Il y a eu – il y a encore, chez certains - toute une idéologie païenne concernant la passion de Jésus. Pour faire simple et imagé, cette expression tirée du « Minuit chrétiens » : Jésus est mort « pour effacer la tache originelle et de son Père apaiser le courroux. » Jésus Christ aurait « payé » de sa mort pour effacer la colère de Dieu à l’égard de l’humanité. Ou encore, il aurait été livré « en rançon », comme paiement pour racheter nos fautes. 

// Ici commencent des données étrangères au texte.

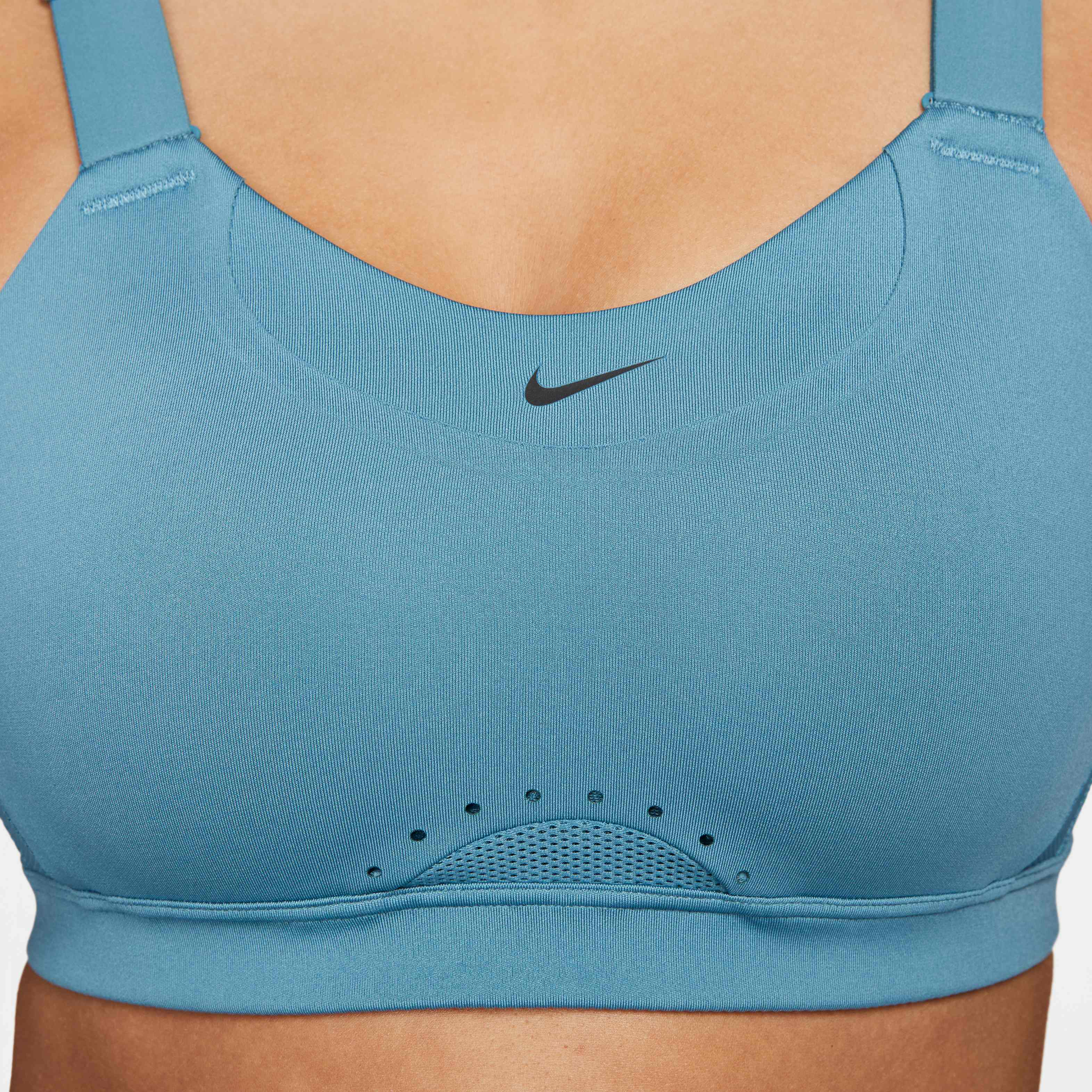 Nike Alpha image number 2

Idéologie païenne : on trouve cette triste mentalité dans la plupart des comportements religieux primitifs : le sacrifice, y compris le sacrifice d’êtres humaines, est destiné à acheter la clémence divine à l’égard des pauvres humains. Ces coutumes barbares ont existé dans de nombreux peuples, dans de nombreuses religions. On les trouve aussi bien chez les Aztèques que chez les Carthaginois. Et je crois que le basculement vers un autre type de religion se rencontre dans la Bible, avec l’histoire du sacrifice d’Isaac par Abraham : On passe du sacrifice humain au sacrifice d’animaux, ce qui est, vous en conviendrez, un progrès certain.

Jésus prend parti

Pour en venir au sacrifice de la Croix, on entre dans une tout autre problématique. Certes, Jésus est une victime innocente, et ce sont des hommes qui vont le mettre à mort, en conformité avec leurs propre idées religieuses ou politiques. Mais la victime innocente marche à la mort de son plein gré. Plus même : elle se range volontairement du côté de toutes les victimes innocentes. Jésus prend parti. Et il nous demande, à nous aussi, de prendre parti. De nous ranger, non plus du côté des bourreaux, mais du côté des victimes. Librement, volontairement.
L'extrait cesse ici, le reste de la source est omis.